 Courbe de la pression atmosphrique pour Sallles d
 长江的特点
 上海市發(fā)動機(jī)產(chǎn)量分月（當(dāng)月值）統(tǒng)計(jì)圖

◆ **Aim of the task**
The full listing should be restated word for word.

◆ **Task answer**
 Courbe de la pression atmosphrique pour Sallles d
 长江的特点
 上海市發(fā)動機(jī)產(chǎn)量分月（當(dāng)月值）統(tǒng)計(jì)圖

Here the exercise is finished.